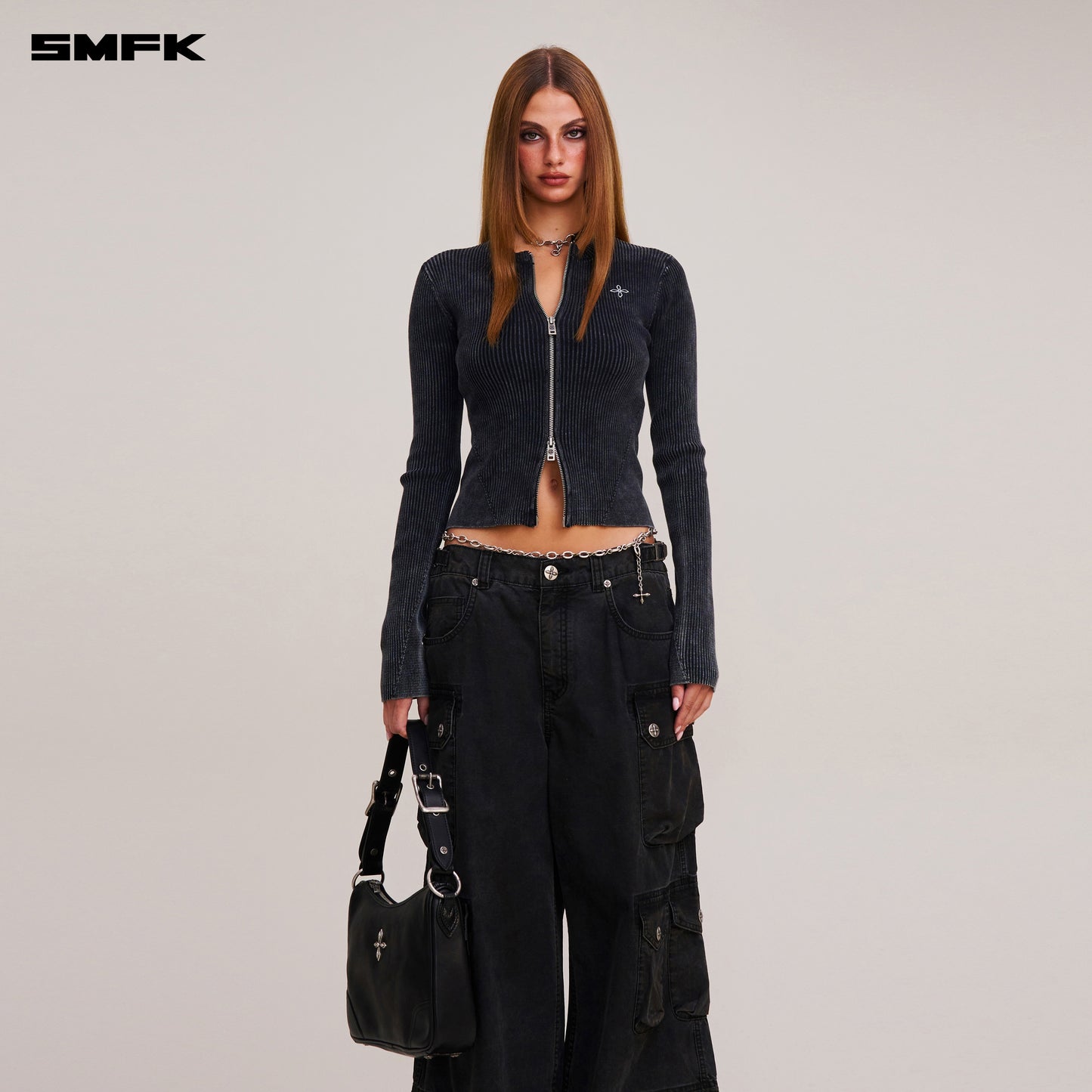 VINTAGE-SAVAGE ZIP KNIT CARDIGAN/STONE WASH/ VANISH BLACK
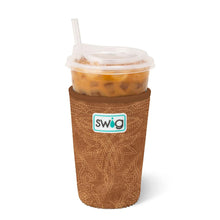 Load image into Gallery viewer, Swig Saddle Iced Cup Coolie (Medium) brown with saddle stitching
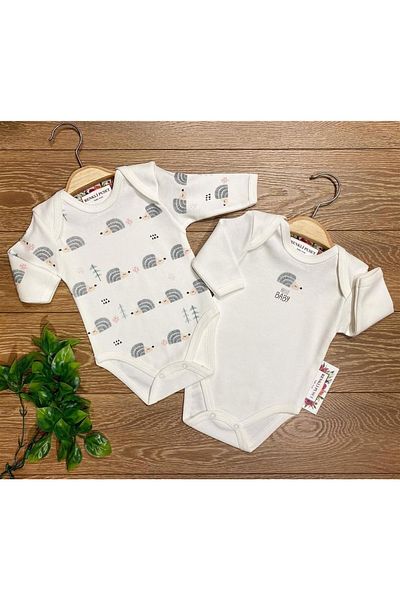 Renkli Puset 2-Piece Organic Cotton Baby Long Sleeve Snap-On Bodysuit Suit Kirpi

══════════════════════════════

# Work task
Exact copy, no pictures: reproduce the whole listing above.

# Solution below
 VINTAGE-SAVAGE ZIP KNIT CARDIGAN/STONE WASH/ VANISH BLACK
 Load image into Gallery viewer, Swig Saddle Iced Cup Coolie (Medium) brown with saddle stitching
 Renkli Puset 2-Piece Organic Cotton Baby Long Sleeve Snap-On Bodysuit Suit Kirpi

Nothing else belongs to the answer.